Figure 5a, c suggests that the geographical traits of Middle Neolithic settlement dynamics are no different to those of other Neolithic chronological units. In the evolution of both variables (number of sites and distance from natural routes), the Middle Neolithic continues the trend of Early Neolithic and Late Neolithic: an increase in the number of sites, and a decrease in the distance from natural routes.

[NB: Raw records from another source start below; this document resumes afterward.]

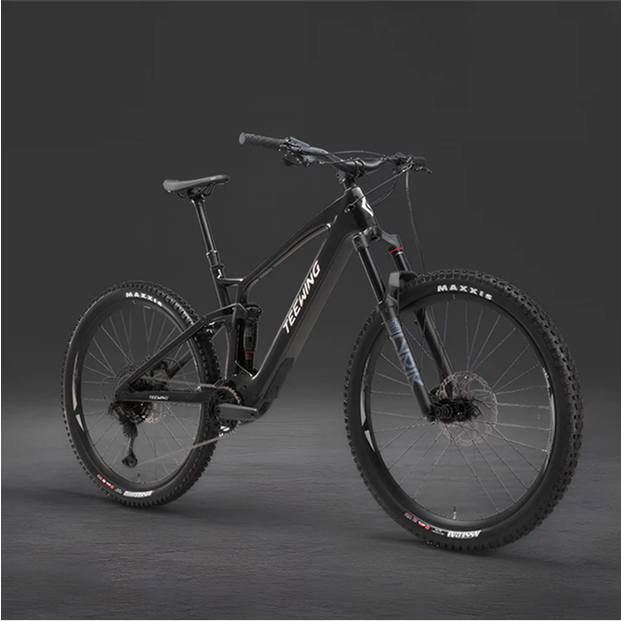 Turbo Force XT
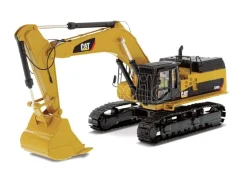 Diecast Master DM85274 CAT 374D L HYDRAULIC EXCAVATOR 1:50 Modellino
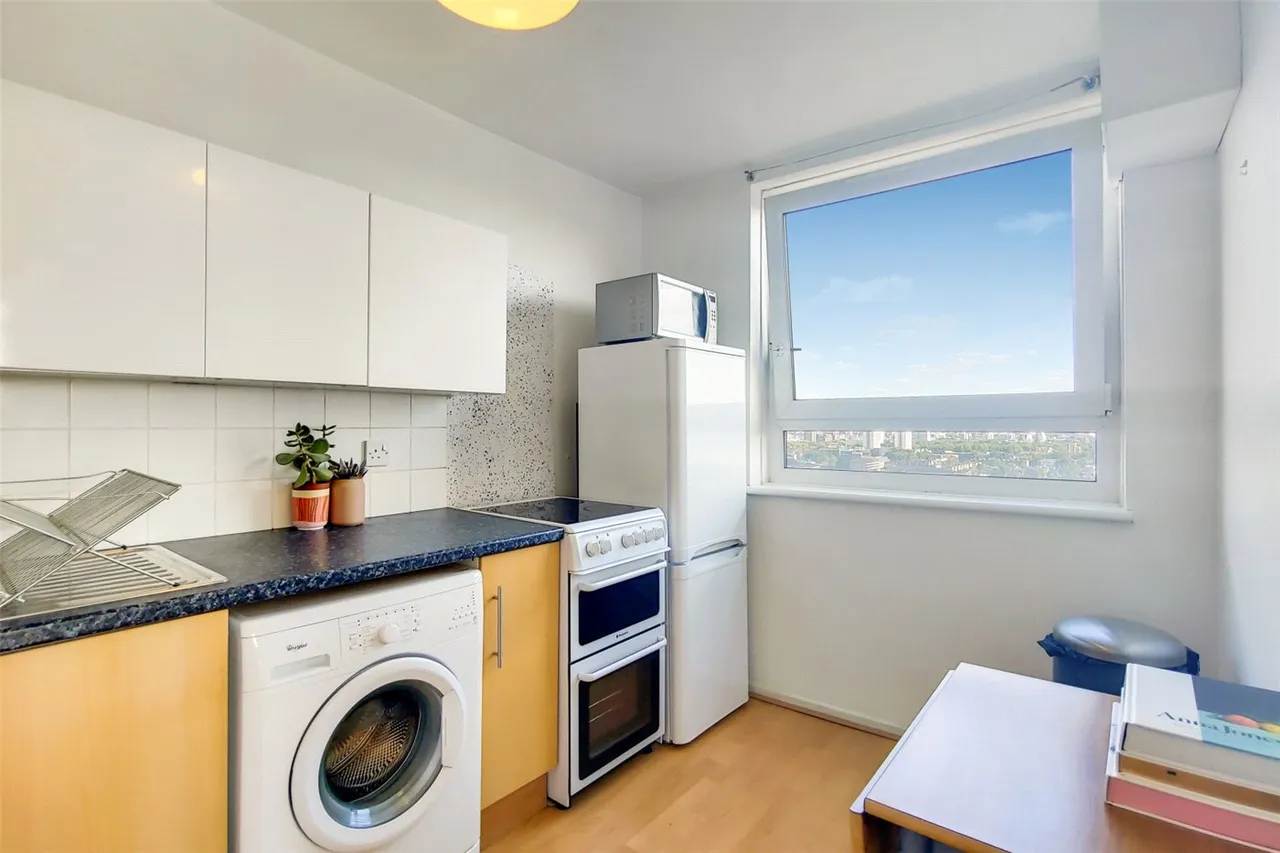 Daling Way, London, E3, photo 9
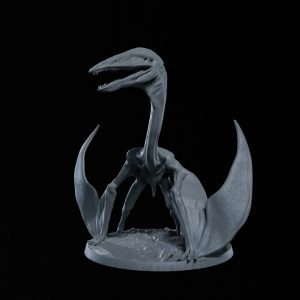 Hatzegopteryx
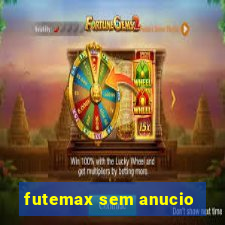 futemax sem anucio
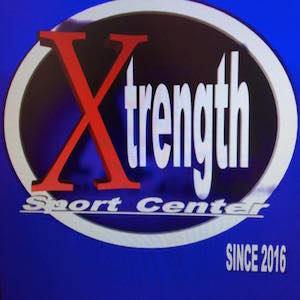 Schwulenfreundliches Fitnessstudio X-Trength Sports Center auf Teneriffa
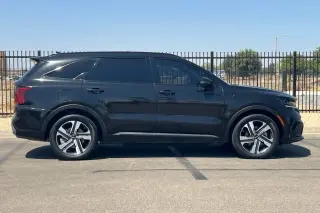 2023 Kia Sorento Plug-In Hybrid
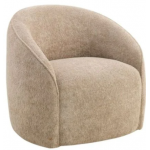 Picasso Occasional Chair - Latte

On the other hand, a different pattern was notable for the variable slope. In the aoristic model (Fig. 5b), this trend is confirmed and Middle Neolithic behaviour appears closer to later periods such as the Bronze Age or First Iron Age than it is to the Neolithic. The explanation may be that during the Middle Neolithic human populations emigrated from other areas to the area of our study. The settlers’ priorities would have differed to the priorities of previous occupants of the area, so that the niche they occupied (plains without great strategic value) was not previously used. This possibility is supported by the rate of variation (Fig. 7b), where the decrease in slope is sudden and is only detected at the beginning of the chronological unit (in contrast to variations like the increase produced at the end of the Middle Neolithic).

Pattern 3 (in all the periods of late prehistory except the Chalcolithic period and the Early Iron Age, the distance from sites to natural routes slowly decreased)

This pattern is validated in most of the chronological units studied, with two important exceptions.

The first exception is that Early Neolithic epicardial sites do not follow the pattern, as Fig. 5c clearly shows (the pattern of previous and subsequent chronological units is completely different). This difference (almost half the distance from natural routes than in the other periods) can be understood as an artefact generated by a low sample. In fact, this is the period with a lowest number of sites, so the results will have to be considered inconclusive until new data can validate this pattern.

The second exception is the Chalcolithic and Early Iron Age. These chronological units show a slight increase in the distance of sites from natural routes, as observed above. Nevertheless, closer inspection of the rate of variation (Fig. 7c) reveals that this perspective is distorted: in both cases, the trend is not a sudden change but a gradual increase that was already present during previous chronological units. We can therefore conclude that the supposed pattern of gradual movement from heights towards natural routes is not real, and that during long periods of time, there was movement in the opposite direction.

To summarize, first of all, this paper has described how a probabilistic spatiotemporal model can validate the existence of changes in settlement dynamics observed with classical spatial analysis. In particular, the trends are verified when periods have similar time spans and highly unlikely when this is not the case (as repeatedly shown with Late Bronze Age and Early Iron Age data).

Second, our study has integrated radiometric dating to the point where it can be useful but does not create a strong bias of the results towards the most well-known sites. In other words, our work suggests that the synchronic comparison of variables can validate the diachronic approach of the aoristic model whenever this is allowed by the number of radiometric datings for a particular time. This is useful when the dataset is uneven (as in our study). However, in case studies where a large amount of available radiometric datings, it would be desirable to create the aoristic model exclusively based on this high-quality datasets.

Third, we have proposed that the study of the rate of variation is extremely useful for exploring long-term settlement dynamics. Once we move from a comparison between chronologies and a more continuous study, temporal differences between changes must be studied, and this paper has offered a simple algorithm capable of dealing with this variable on top of the aoristic model.

Finally, we propose that any comparison of geographical variables for different chronologies should address temporal uncertainty. Temporal uncertainty plays a crucial role in our understanding of the relationship between archaeological sites and their environment, and if we are to fully understand spatiotemporal change, then archaeological research must begin to consider this issue.